Barnes, Djuna, and T. S. Eliot. Nightwood. New York: New Directions, 1961. Print. 56.

Nora was a victim of her own passions and could be easily be used by those she loved. Her own self “diminished” through her tendency to give all of herself to others. The concept of offering oneself to others or being utilized by others to the extent of losing part of oneself is a common theme in the books we have read. In Hurston’s Their Eyes Were Watching God, when Janie is married to Jody, he controls her actions and at times denies her a voice by speaking for her. Through her love for him, she remains in the restrictive relationship, which diminishes part of Janie before she eventually speaks up for herself.

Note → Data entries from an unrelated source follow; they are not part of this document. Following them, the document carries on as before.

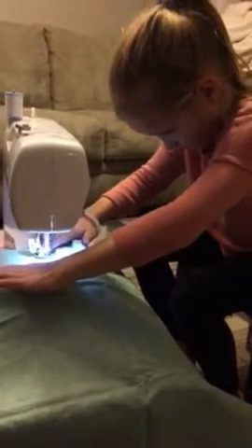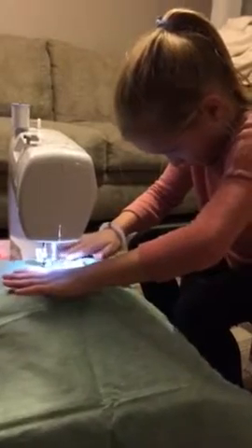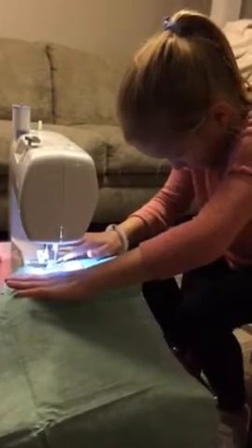Good job, Molly Kate. Use it as a guide. She's making her very first thing — it's a green Christmas throw pillow. She's nine years old.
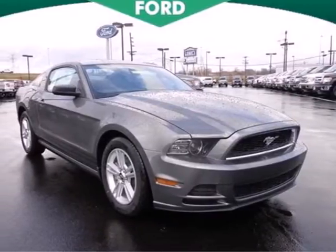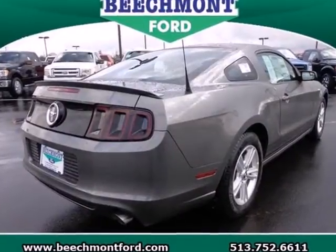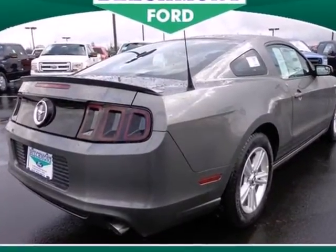This 2013 Ford Mustang is spectacular. Cruise down the street with a commanding presence as you let your exhaust rumble proudly.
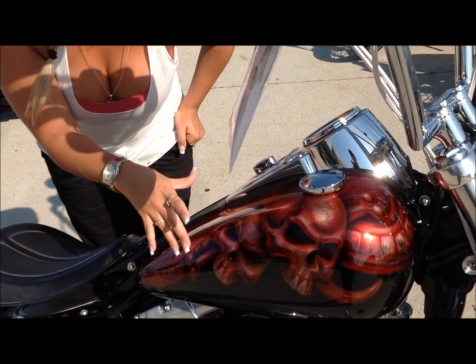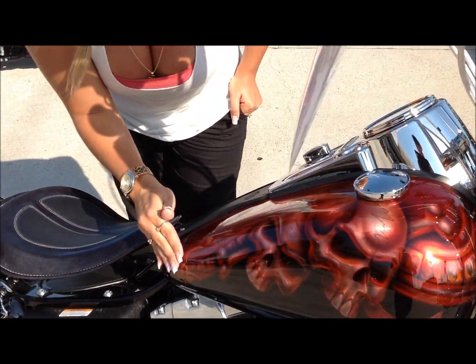Check this out — really dark Merlot color, the skulls, custom graphics. Really, really badass.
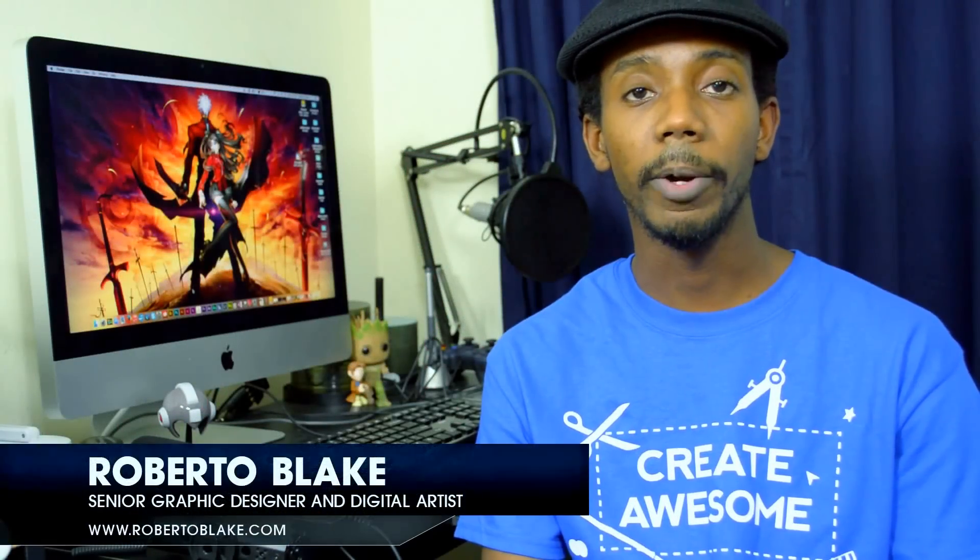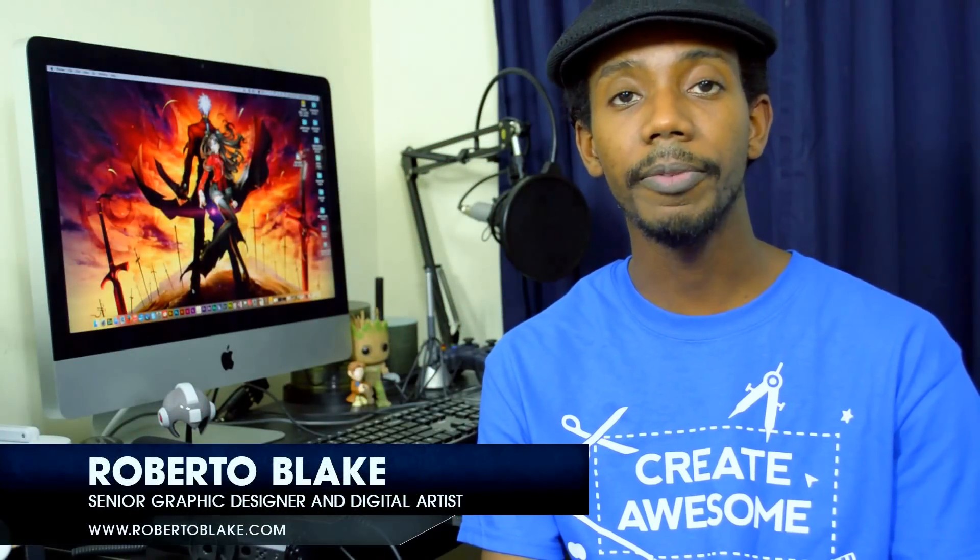Hey everybody, this is graphic designer Roberto Blake and in today's video I'm going to be reviewing Adobe InDesign CC 2014 and comparing it to Adobe InDesign CS6. We're going to close out the year with me reviewing all of the Adobe apps and all the other software that I'm using. So let's talk about Adobe InDesign 2014.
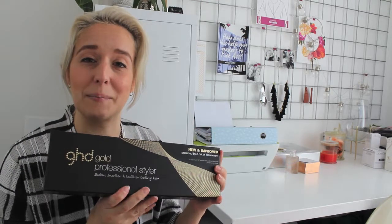I'm very excited about this. I've been using this for a couple of my shoots, so thank you again so much to the GHD team for sending this my way. I love it, I really do, it's great.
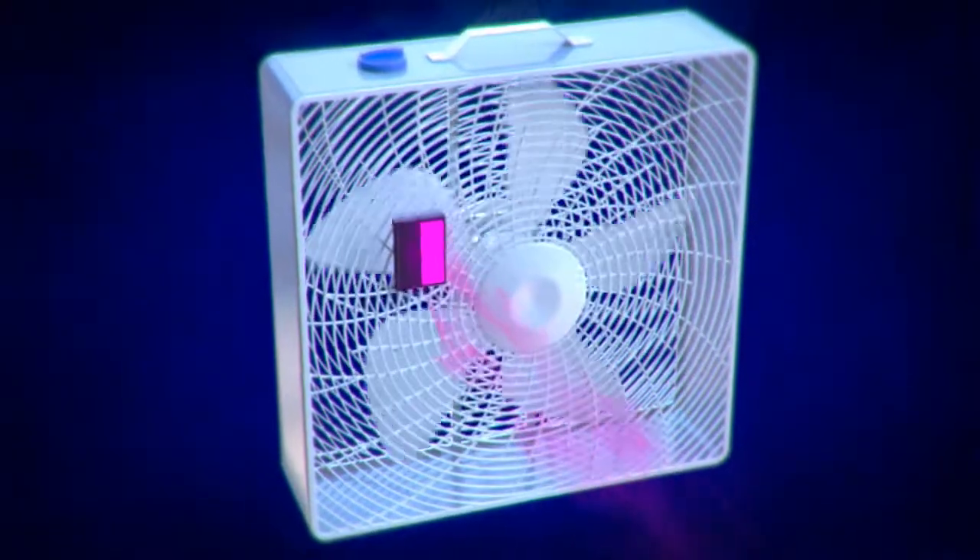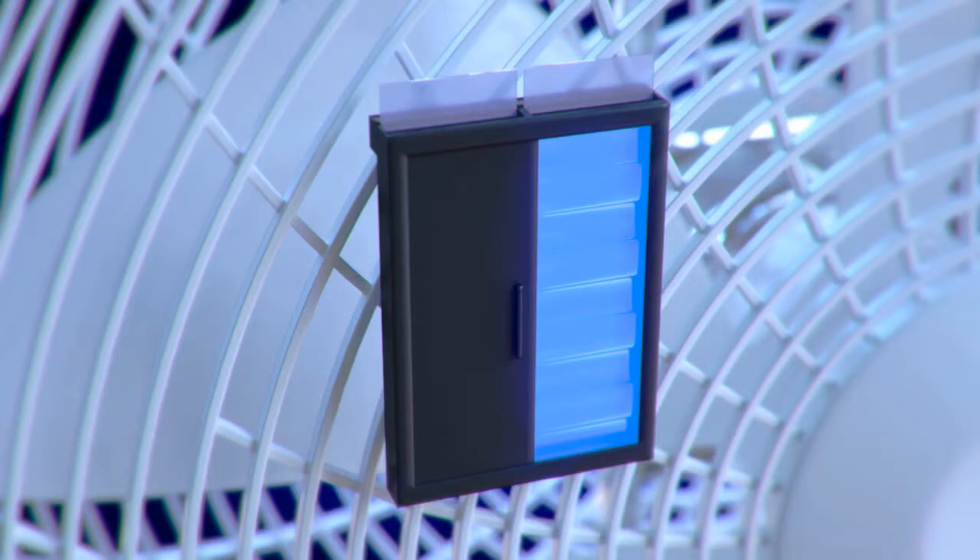A user may choose from various fragrances, and the aroma lasts for weeks or months, depending on fan usage.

In Anand’s Untouchable, Bakha experiences the same kind of diminishing of himself, though not through love or passion. He is however diminished by others’ utilization of him, since he the lowest of the lower-caste Indians and his actions are dictated by others. Clarissa, in Virginia Woolf’s Mrs. Dalloway, spends the length of the novel planning a party to please other people and is a character whose actions cater to what she thinks others expect of her. In Henry James’s The Beast in the Jungle, Marcher is a victim of his own passion for the unknown. His entire life is dedicated to his fear of the unknown, and consequently, part of himself is diminished.

Mrs. Dalloway

“…she, too, loving it as she did with an absurd and faithful passion, being part of it, since her people were courtiers once in the time of the Georges, she, too, was going that very night to kindle and illuminate; to give her party.”

Clarissa values the fact that her and her family’s reputation is defined by wealth and luxury. This says a lot about English class systems of the era and how people equated their happiness and success to materialism. This is where she finds her self-worth. Is it perhaps foreshadowing a change of heart or lesson to be learned?

Woolf, Virginia. Mrs. Dalloway. New York: Harcourt, Brace, 1925. Print.